## Goal of the exercise
Print exactly the lines from the one that contains "На Кричевщине отметили" through the last line of the material, both included, and leave out all pictures.

## Source material
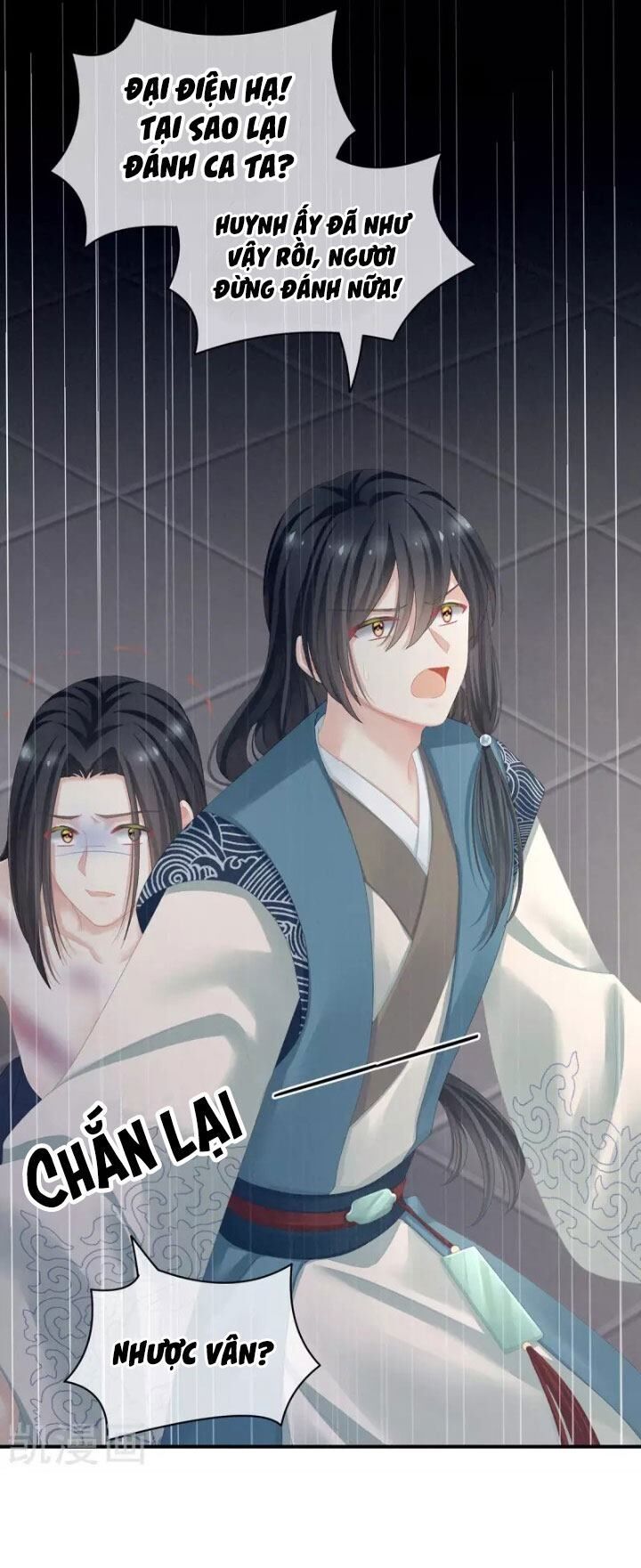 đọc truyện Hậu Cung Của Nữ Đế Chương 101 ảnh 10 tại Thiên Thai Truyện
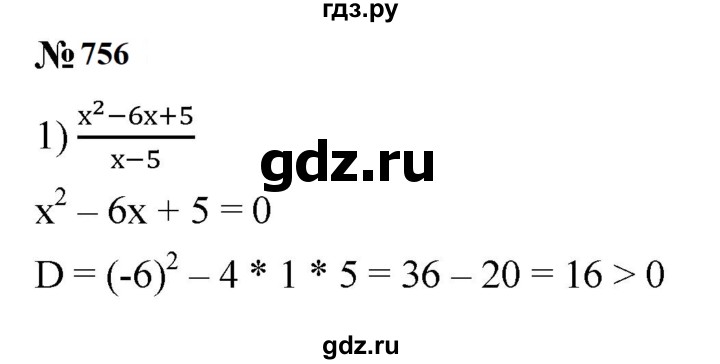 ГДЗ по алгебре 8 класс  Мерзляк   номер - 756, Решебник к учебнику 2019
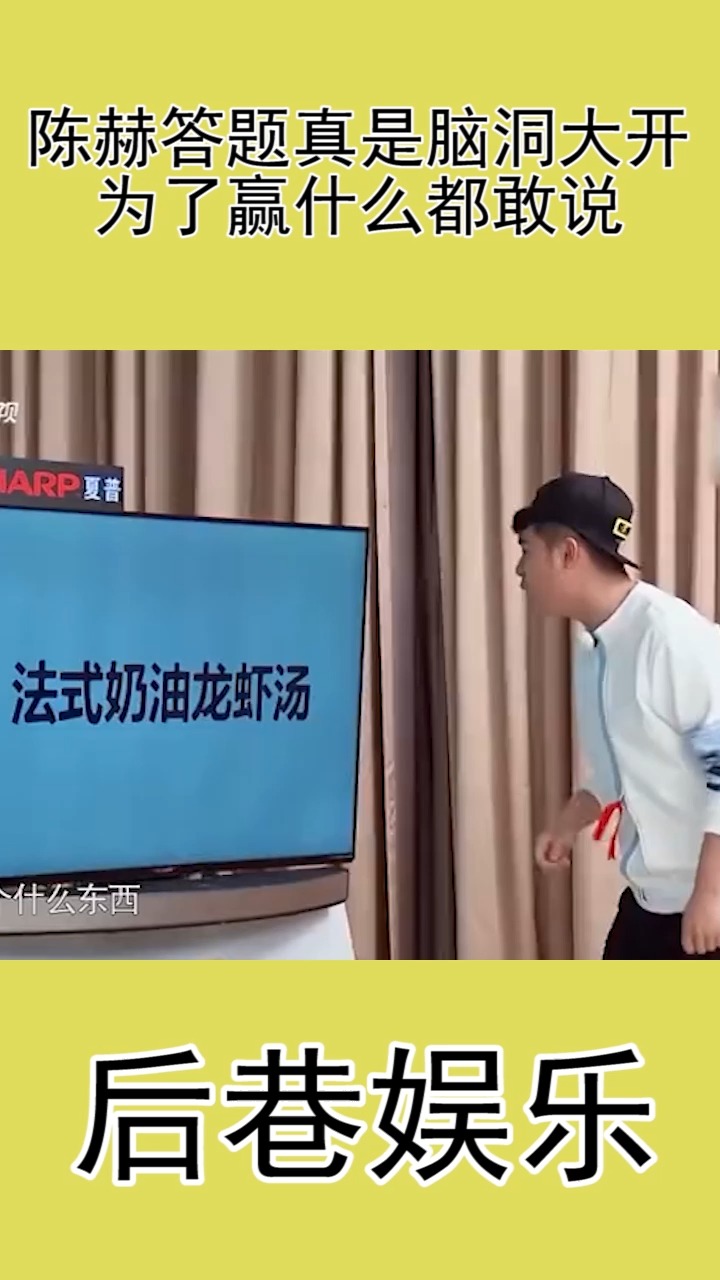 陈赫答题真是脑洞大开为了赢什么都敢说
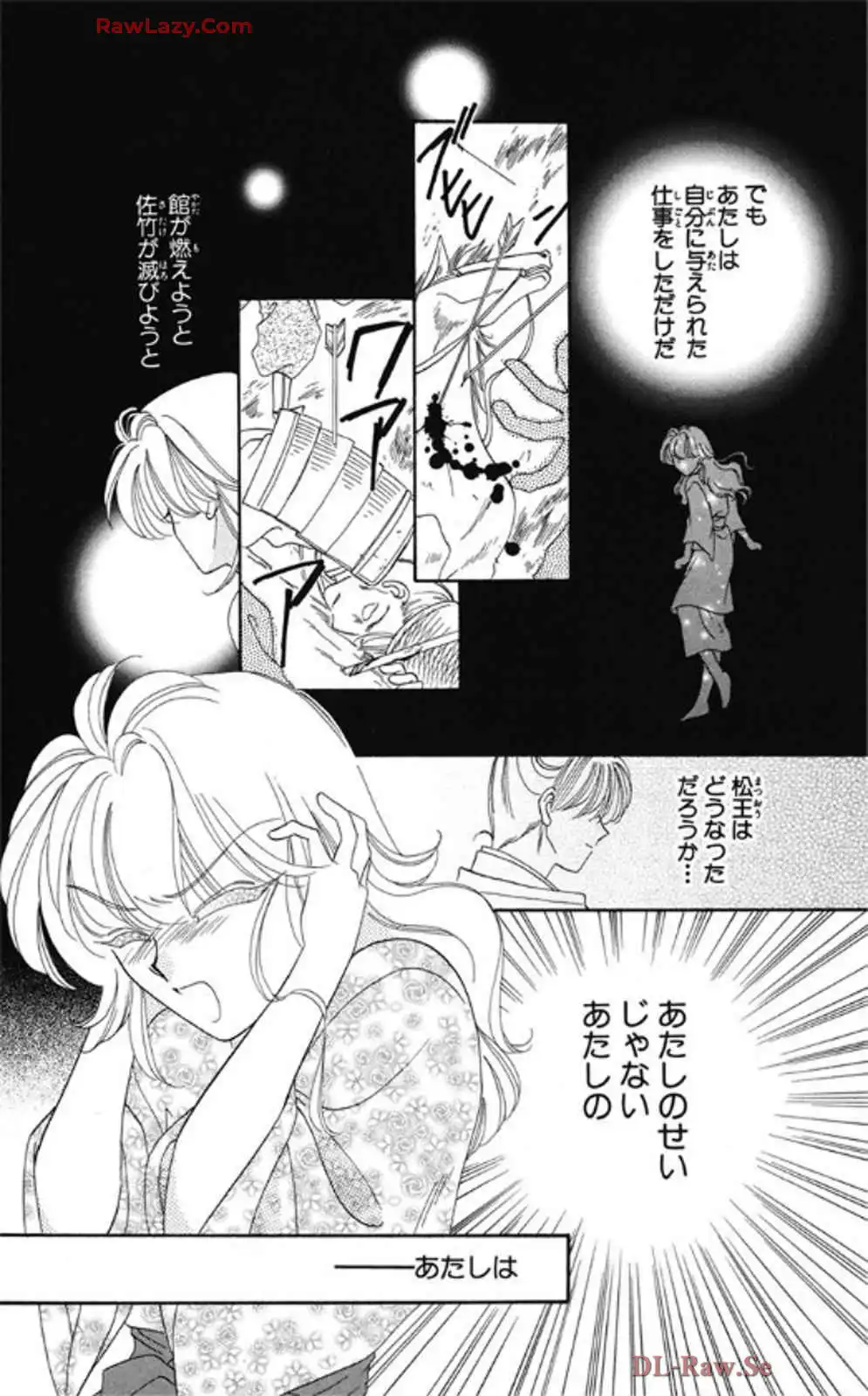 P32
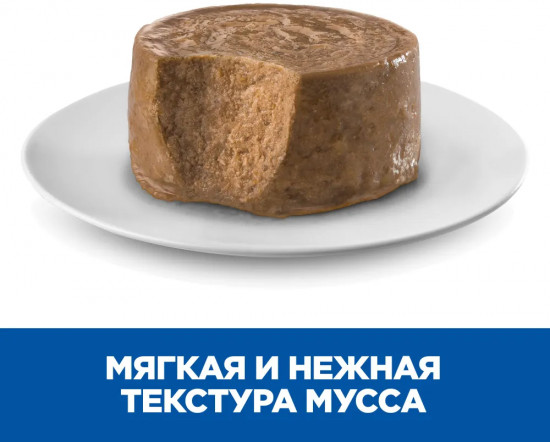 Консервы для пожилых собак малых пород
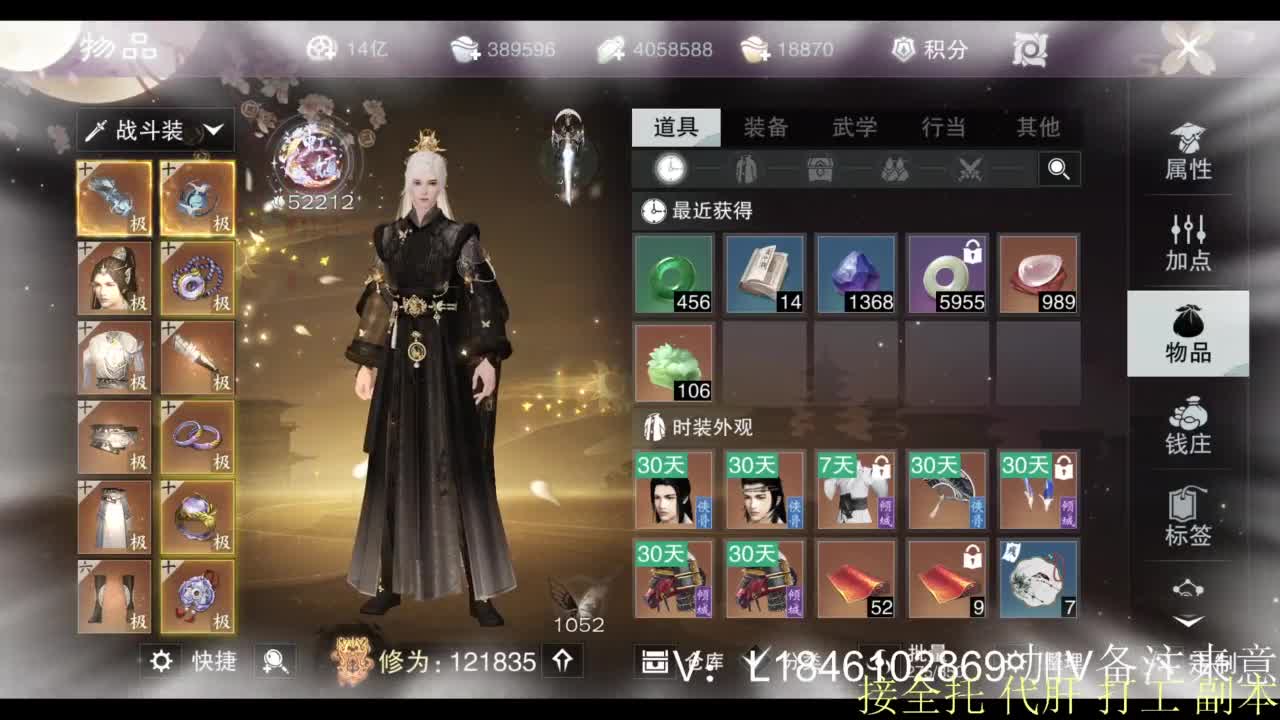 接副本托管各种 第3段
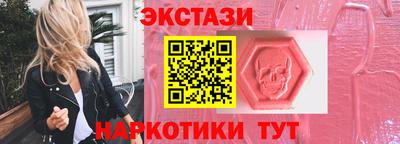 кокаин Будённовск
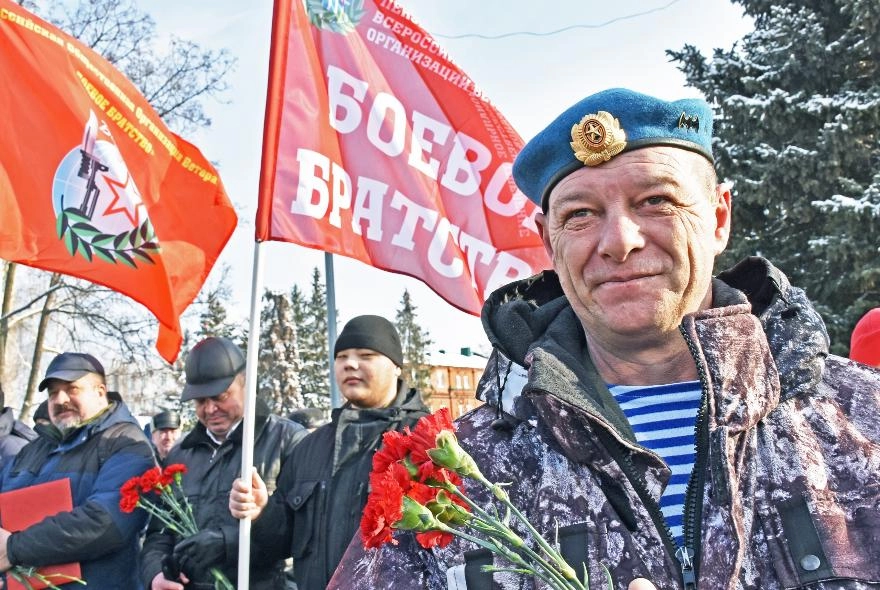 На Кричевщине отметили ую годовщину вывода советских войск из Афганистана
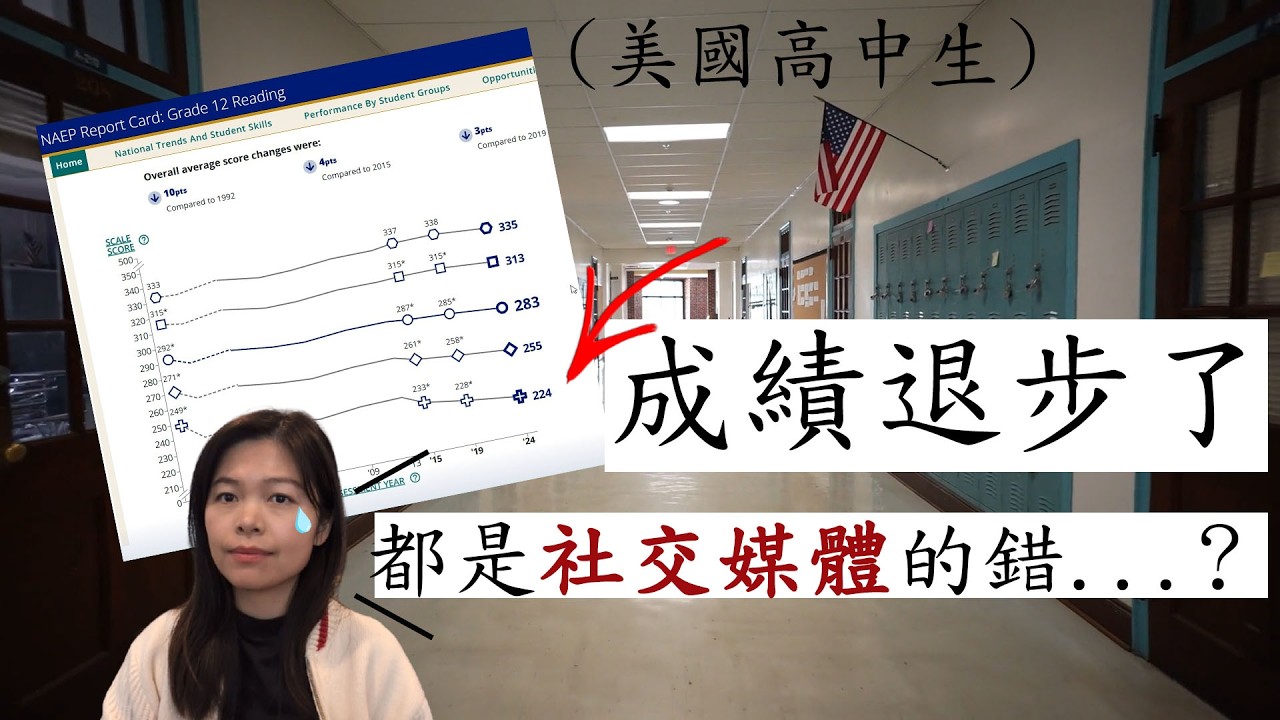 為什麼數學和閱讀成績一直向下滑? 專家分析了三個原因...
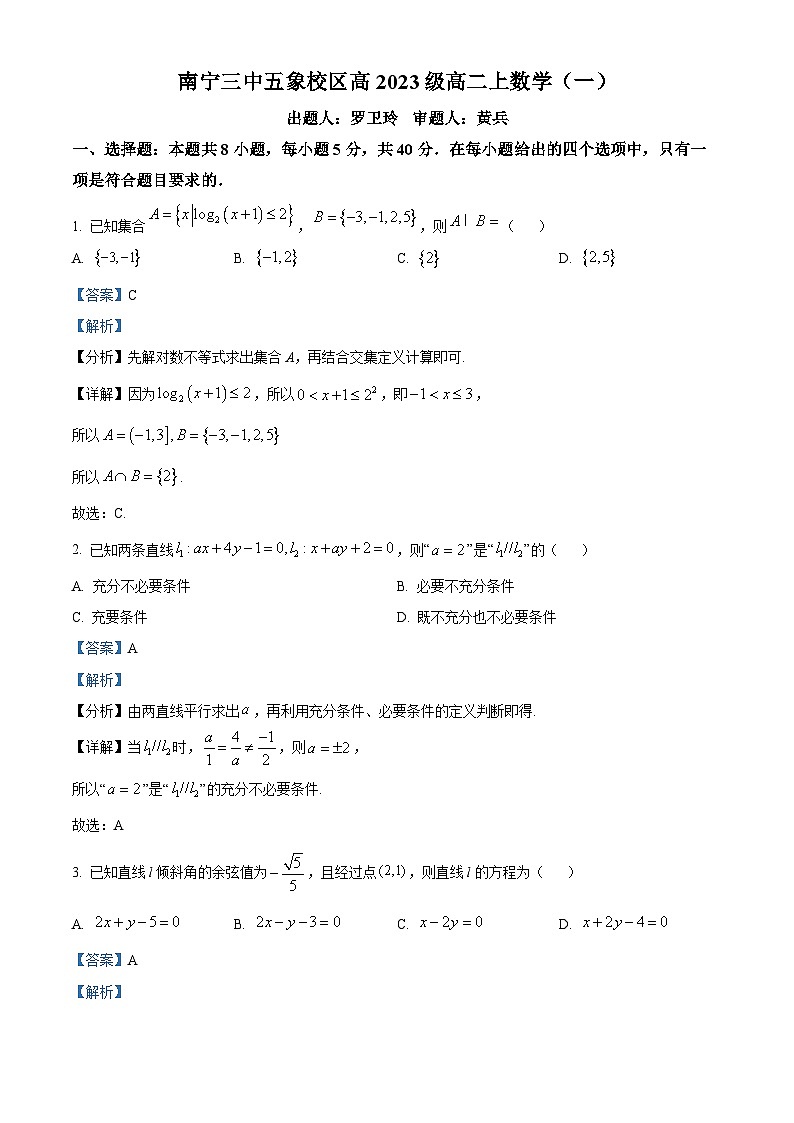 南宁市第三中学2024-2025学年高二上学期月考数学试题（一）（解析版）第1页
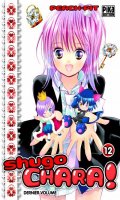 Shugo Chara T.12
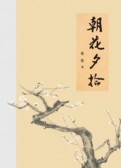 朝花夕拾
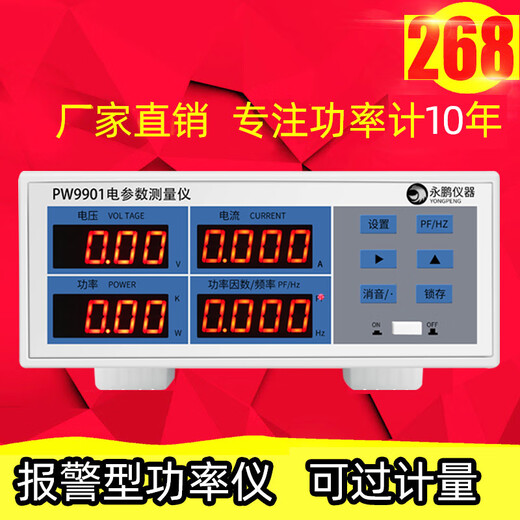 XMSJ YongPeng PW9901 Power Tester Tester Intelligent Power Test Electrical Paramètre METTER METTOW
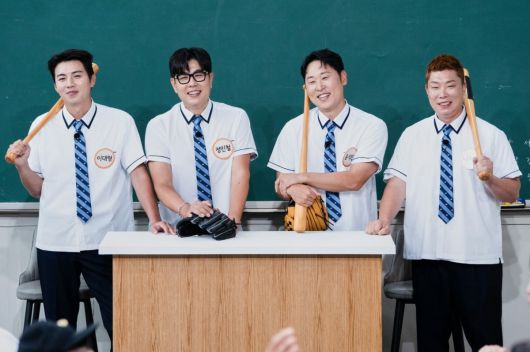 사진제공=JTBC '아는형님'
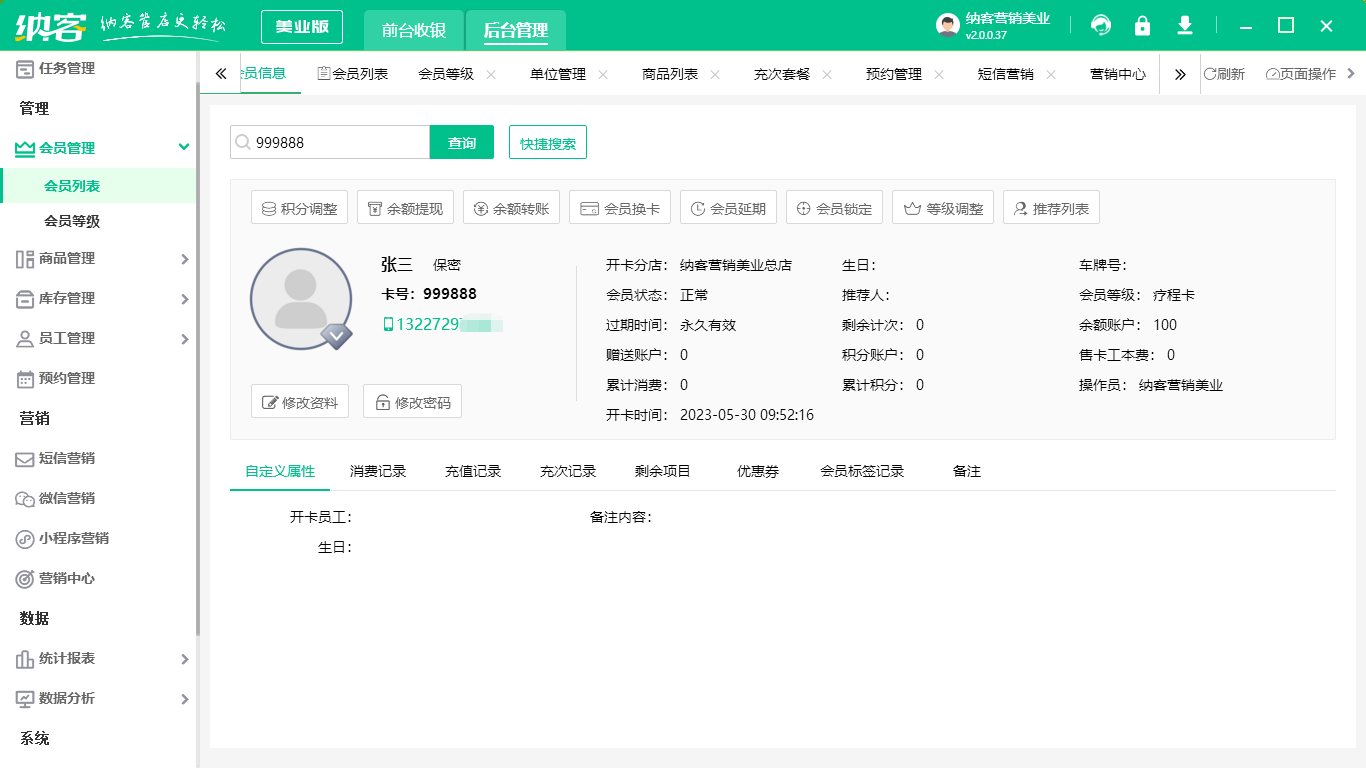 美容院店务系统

## Task response
 На Кричевщине отметили ую годовщину вывода советских войск из Афганистана
 為什麼數學和閱讀成績一直向下滑? 專家分析了三個原因...
 南宁市第三中学2024-2025学年高二上学期月考数学试题（一）（解析版）第1页
 Shugo Chara T.12
 朝花夕拾
 XMSJ YongPeng PW9901 Power Tester Tester Intelligent Power Test Electrical Paramètre METTER METTOW
 사진제공=JTBC '아는형님'
 美容院店务系统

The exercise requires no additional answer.